MPs from the Common public accounts select committee are urging HM Revenue and Customs to “robustly” pursue companies that avoid paying tax on their profits.
The committee found that over 25 percent of the UK’s 700 largest businesses paid no corporation tax to HMRC in 2005-6, with some cases due to their use of tax relief and tax avoidance schemes.
A spokesman for the HMRC said that it had improved its targeting of corporation tax inquires “significantly”.
The reports from the select committee criticised the wide variation in the amount of tax paid by companies and called for a yearly report to b produced to explain any discrepancies.
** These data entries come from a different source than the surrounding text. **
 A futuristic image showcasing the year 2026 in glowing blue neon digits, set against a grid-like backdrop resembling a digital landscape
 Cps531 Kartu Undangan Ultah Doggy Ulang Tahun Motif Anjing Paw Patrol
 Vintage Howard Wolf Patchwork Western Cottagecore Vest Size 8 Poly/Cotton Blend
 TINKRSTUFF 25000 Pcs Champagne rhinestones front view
The MPs discovered that 181 of the 700 firms avoided paying corporation tax at all in 2005-06. The group of MPs found that 50 companies accounted for two-thirds of the £24bn collected in 2006-07 – the majority of those were involved in oil, gas, banking and insurance.
According to the committee, investigations into the tax discrepancies of certain firms under scrutiny currently take too long and are yielding too little.
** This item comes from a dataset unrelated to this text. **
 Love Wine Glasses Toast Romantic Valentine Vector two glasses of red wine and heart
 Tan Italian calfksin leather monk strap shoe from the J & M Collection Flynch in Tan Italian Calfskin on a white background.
Committee chairman Edward Leigh said that, “The fact nearly 60% of the department’s inquiries into compliance turn out to produce less than 1% of the additional tax raised constitutes very poor targeting.”
“It is extraordinary that there is no correlation between the resources committed to each inquiry and the amount of tax in question.”
Mr Leigh said that the HMRC must plan a new way that “high-risk businesses will be singled out for extensive investigation”.
“It should also robustly apply new penalties for those companies engaged in serious tax avoidance activities,” he added.
Although the HMRC is currently calculating the amount of tax owed to the economy, one initial report claims the figure could be as high as £8.5bn.
The Liberal Democrats argue that the government could save million of pounds by tightening the rules on corporate tax payment.
An HMRC spokesman said: “We have cut the number of open inquiries by over 50% since April 2007 and the number of cases focused purely on low-risk issues is down by nearly 90%.”